Criticized, Myanmar’s Influential Monk Close to Coup Leader Breaks Silence on Killing Protesters
By The Irrawaddy 5 March 2021
Yangon—One of Myanmar’s most influential Buddhist monks has finally broken his silence over the military’s brutal assaults on anti-regime protesters.
Sitagu Sayadaw, who is close to the coup’s leader, has joined other monks in calling on the junta to stop killing unarmed people.
Initially known for his fiery sermons against previous military regimes from 1988 to the early 2000s, Sitagu Sayadaw these days sings a different tune.
When the quasi-civilian government led by former generals was in power from 2011 to early 2016, the monk publicly said he wished the then President U Thein Sein would be re-elected. Since that time, the monk, who is also known as Ashin Nyanissara, was seen by some people as someone sitting on the fence.
Later, Myanmar’s military chief Senior General Min Aung Hliang—now the coup leader—became a familiar face among his high-level followers.

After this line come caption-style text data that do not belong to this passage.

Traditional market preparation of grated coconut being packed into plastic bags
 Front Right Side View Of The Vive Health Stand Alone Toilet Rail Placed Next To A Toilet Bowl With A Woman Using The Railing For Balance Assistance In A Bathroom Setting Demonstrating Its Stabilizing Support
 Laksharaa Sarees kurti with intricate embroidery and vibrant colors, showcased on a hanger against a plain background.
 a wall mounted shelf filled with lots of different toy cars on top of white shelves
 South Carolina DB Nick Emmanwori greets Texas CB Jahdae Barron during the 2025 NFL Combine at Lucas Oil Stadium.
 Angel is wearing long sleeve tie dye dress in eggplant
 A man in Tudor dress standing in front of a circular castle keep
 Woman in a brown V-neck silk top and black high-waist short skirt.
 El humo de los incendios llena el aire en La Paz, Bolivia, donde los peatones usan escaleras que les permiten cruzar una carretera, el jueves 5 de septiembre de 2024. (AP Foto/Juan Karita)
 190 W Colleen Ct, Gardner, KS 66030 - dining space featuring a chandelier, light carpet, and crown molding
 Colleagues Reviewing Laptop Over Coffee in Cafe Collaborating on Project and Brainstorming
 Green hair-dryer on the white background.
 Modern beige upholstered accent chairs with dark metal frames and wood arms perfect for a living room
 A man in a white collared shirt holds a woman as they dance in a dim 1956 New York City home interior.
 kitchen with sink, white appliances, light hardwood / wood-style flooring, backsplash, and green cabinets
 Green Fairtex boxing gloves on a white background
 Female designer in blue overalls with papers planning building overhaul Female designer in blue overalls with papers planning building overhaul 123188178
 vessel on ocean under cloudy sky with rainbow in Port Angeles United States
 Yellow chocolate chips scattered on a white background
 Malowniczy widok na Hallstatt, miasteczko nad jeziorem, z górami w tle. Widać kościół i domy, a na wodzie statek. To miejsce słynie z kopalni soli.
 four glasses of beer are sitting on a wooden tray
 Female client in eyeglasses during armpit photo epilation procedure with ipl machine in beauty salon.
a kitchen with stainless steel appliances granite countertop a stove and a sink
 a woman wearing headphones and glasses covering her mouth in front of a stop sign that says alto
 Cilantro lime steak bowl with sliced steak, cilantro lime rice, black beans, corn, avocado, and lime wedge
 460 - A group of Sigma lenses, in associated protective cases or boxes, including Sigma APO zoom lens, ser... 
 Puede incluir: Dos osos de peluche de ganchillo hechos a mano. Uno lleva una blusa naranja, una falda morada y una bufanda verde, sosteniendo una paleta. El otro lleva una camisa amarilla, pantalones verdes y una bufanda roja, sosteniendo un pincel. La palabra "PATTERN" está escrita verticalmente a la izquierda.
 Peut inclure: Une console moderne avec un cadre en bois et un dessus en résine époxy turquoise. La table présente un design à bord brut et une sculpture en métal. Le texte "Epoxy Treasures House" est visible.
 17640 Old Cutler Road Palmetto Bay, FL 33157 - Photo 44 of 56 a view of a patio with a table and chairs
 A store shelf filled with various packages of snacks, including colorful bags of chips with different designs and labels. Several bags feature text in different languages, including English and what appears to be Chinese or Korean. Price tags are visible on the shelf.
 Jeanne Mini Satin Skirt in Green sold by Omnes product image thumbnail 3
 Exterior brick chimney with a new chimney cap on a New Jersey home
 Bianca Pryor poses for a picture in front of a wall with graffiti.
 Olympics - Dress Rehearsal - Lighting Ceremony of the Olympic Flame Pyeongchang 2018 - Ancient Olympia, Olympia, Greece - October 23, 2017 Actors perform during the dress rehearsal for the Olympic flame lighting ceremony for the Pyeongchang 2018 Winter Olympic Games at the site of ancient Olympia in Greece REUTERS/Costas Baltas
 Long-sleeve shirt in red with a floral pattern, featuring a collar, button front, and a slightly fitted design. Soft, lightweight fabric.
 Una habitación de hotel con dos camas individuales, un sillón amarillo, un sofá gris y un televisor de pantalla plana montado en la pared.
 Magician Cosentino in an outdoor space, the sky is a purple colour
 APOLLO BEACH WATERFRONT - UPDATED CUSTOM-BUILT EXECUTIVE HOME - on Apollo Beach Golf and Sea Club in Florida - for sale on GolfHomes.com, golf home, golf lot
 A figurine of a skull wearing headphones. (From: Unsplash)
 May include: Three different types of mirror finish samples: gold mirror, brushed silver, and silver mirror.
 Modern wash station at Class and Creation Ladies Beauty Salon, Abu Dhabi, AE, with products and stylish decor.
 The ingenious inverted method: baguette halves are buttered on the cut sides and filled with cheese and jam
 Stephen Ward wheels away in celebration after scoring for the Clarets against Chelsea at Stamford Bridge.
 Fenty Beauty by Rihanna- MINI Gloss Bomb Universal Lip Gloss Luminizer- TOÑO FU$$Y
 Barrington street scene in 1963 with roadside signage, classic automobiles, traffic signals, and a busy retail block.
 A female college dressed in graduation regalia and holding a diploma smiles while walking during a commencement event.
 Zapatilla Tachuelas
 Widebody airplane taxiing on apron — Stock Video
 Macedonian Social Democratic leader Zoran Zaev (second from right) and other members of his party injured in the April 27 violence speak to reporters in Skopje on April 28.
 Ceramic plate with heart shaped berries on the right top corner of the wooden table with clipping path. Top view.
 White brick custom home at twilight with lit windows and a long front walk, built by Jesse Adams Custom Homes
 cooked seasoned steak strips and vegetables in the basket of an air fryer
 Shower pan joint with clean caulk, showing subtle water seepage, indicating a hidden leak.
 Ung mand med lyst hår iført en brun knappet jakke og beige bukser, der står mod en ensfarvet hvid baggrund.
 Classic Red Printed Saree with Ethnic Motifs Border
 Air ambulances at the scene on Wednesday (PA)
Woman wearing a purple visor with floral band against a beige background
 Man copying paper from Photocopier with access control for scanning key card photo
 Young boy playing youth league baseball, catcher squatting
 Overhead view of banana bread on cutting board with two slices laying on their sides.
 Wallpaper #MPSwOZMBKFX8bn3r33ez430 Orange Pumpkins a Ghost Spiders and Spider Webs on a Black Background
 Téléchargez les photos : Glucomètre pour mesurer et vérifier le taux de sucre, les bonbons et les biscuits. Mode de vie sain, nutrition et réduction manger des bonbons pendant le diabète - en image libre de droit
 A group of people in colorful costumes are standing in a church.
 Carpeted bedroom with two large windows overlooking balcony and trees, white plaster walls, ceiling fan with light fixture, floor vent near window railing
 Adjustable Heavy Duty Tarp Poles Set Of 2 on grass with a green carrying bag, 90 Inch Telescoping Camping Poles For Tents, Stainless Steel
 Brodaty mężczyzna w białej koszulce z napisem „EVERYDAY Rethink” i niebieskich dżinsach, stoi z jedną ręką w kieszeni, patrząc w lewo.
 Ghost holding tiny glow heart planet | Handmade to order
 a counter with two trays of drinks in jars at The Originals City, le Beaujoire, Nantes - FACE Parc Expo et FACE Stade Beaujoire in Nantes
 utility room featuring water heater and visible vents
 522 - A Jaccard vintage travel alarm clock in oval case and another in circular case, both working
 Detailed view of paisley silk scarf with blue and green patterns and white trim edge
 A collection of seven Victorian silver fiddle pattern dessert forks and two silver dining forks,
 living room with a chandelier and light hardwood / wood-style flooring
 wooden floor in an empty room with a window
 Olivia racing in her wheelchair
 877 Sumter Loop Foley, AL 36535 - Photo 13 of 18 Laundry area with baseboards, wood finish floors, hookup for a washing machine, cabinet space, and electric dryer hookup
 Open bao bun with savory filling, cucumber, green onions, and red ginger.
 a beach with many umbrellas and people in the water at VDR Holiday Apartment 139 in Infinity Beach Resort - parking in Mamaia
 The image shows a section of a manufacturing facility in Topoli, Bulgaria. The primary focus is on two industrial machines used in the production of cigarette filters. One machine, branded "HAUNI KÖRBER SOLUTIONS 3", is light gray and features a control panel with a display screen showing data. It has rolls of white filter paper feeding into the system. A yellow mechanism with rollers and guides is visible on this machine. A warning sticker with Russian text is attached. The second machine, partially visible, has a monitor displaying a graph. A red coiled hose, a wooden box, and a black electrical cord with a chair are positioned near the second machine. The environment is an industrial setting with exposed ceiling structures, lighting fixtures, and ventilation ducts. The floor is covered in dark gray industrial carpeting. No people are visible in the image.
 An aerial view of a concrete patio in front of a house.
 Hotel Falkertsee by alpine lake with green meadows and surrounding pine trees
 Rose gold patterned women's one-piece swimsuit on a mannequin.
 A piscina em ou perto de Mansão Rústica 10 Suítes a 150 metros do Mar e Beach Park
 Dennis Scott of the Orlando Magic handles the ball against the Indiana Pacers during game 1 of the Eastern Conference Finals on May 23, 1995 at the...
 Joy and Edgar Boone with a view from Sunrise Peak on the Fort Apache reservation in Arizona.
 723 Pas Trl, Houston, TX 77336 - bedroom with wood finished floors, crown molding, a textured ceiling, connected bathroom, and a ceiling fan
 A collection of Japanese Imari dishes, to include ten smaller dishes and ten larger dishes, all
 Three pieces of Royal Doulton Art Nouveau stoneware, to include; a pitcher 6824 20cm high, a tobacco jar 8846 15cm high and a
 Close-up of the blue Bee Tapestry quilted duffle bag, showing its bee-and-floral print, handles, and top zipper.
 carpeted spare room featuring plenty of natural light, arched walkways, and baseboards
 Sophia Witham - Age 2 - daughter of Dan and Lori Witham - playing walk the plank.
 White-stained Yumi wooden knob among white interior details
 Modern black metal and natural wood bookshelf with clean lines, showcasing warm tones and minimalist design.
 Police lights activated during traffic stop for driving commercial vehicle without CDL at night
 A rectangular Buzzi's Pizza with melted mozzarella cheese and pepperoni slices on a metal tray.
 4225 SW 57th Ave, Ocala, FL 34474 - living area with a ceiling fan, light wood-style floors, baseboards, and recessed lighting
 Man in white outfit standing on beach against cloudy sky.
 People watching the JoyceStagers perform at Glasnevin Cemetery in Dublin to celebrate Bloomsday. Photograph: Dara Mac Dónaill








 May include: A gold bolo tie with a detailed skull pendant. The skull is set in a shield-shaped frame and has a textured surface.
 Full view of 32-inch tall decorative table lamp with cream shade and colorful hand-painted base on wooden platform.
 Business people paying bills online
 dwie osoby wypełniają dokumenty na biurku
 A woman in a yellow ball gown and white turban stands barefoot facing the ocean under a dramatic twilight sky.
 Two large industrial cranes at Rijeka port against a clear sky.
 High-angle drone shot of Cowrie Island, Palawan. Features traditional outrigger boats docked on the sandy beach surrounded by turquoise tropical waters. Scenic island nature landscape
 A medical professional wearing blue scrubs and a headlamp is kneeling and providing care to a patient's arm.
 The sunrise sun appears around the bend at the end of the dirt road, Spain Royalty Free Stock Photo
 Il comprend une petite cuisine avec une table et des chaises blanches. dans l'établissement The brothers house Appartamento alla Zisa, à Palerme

When the regime’s troops opened fire on protesters across the country in opposition to the coup, killing about 50 people following the coup on Feb. 1, the 84-year old monk was tight lipped. That was in stark contrast to his actions more than 30 years ago.
People, including his long-time followers, were broken hearted and questioned his silence over the civilian killings.
They dropped comments at his Facebook page, saying, “They are killing people. Please stop them.”
Some went further: “Staying tight lipped make you sleep well, Sayadaw?”
Some followers who had held him in high esteem for his previous anti-dictatorship activism simply questioned whether the monk’s silence this time meant he was supporting the generals who launched the coup.
“I feel really sad to see the religious mentor I once much believed in has turned this way,” one wrote.
By expressing great concern about the crackdown, the nine leading monks of Shwe Kyin Sect, including Sitagu Sayadaw, on Thursday urged coup leader Min Aung Hlaing to immediately stop the deadliest assaults on unarmed people and to avoid robbing or destroying people’s property.
Shwe Kyin is one of Myanmar’s nine Buddhist clergy sects; and its members are known for strictly obeying the Vinaya, the codes of conducts for Buddhist monks. Sitagu Sayadaw is the second-most influential leader of the sect.
In their statement, monks also urged the senior general to be a good Buddhist.
Another famous monk facing criticism is U Kovida, who is well-known as Vasipake Sayadaw for his practicing of silence vows. He has reportedly cut off contact with social media after facing intense criticism by Myanmar social media users for allegedly supporting the military coup.
The monk from eastern Shan State is also well known as an astrologer and for having a close relationship with Snr. Gen. Min Aung Hlaing and his wife Daw Kyu Kyu Hla.
He has been accused of providing the coup leader with his astrological advice for the takeover.
He was reportedly blamed for advising the senior general to tell security forces to shoot protesters in the head.
Most of the people killed over the last month and early this week were hit in their heads.
In February of last year, the monk was also with Min Aung Hlaing when the senior general and his wife placed the “Hti” umbrella atop Bagan’s ancient Htilominlo Temple, following in the footsteps of some of Myanmar’s most powerful figures including his predecessor, Senior General Than Shwe. Many people believed that the ceremony was seeking divine blessings for his kinship.